I gotta say, I love the wording of the second friend. Many teachers, myself included, speak about college and say, "When," not "If you go to college..." when disussing university in the classroom. In the same way, I will from now on use the certainty of the term "when" in looking forward to the day when that skinny wrist, bright orange ball in hand, climbs enough above Everest to place the ball in a downward motion into a net.
That's a dunk for all you literal people out there. A slam dunk. Word.

Tuesday, March 30, 2010

Strength Shoes, Day One

I finally put the hibernating Strength Shoes into action today, some two months after they arrived in an awkward-sized package. With a week off from teaching (Spring Break 2010, woo!), but not a week off from grading history projects on World War II and Japanese-American internment camps, the perfect time has arrived for the beginning of the Strength Shoes Era. The need to take some time off from the monotony of grading cookie-cutter teenage projects, coupled with five days off, has given me the perfect time to start a Phase II in my quest to dunk.
The workout was a very good one, tantalized to its peak by this new object in the mix.
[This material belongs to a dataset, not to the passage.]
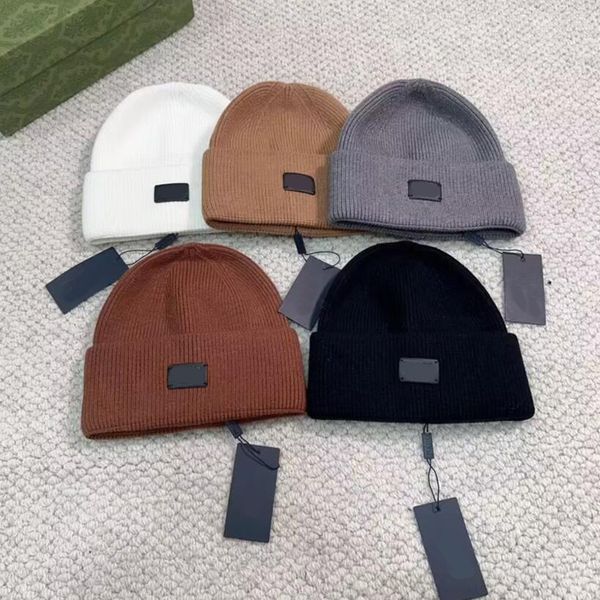 Cappello a cuffia da uomo di marca di marca Stile di fragranza autunnale e invernale da donna Nuovo cappello lavorato a maglia con lettera tutto-fiammifero di moda calda kk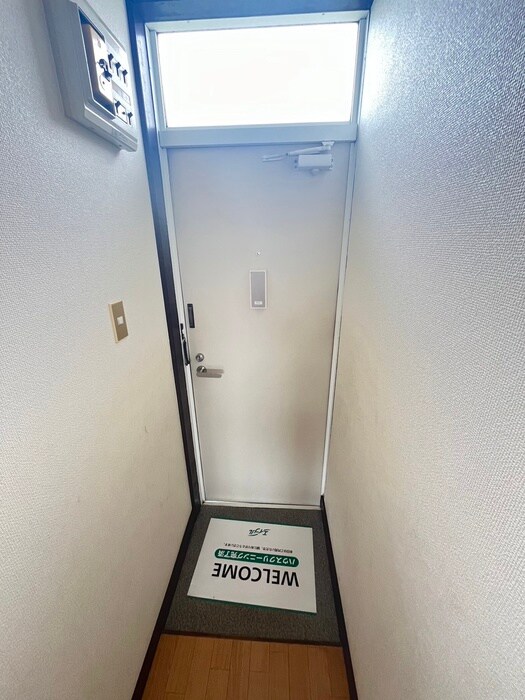 物件内観写真16　(玄関)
With the strapping on of the suprisingly un-unwieldy shoes, I felt heartened, as if this new pill would help me get well. In addition to my usual dunk workout of 30 calf raises, 25 squats with a 10lb. medicine ball, 20 rim/ceiling touches and five knee-to-chest jumps in place, I did 300 plyometric jumps with the Shoes on--100 with both legs at the same time, and 100 with each leg separately. I also hopped through 75 jump rope repetitions with the Shoes on, pleased that I didn't fall on formerly wobbly legs adjusting to having my calves so prominently platformed.
So, what's ahead? Is this dunk imminent? I wonder now if I have to set myself a deadline an arbitrary or not-so-arbitrary date by which I will dunk. My next birthday, a holiday, New Year's?
Last week, a student of mine turned in a twoweeksearly essay, written with great passion about a subject close to her heart. As the granddaughter of Holocaust survivors, she wrote a hasty but passionate summary of the Nazi camps, her loving paean to her grandparents and her idealistic attempt to use her pen to say "Never Again."
With the words, "Here's the final draft," and a throw/flutter of the paper from her hand to my desk, she smiled, turned, and with a flourish, walked away into her cave of friends, with the Hollywood scene missing only a bar of soap and a washbasin for her hands.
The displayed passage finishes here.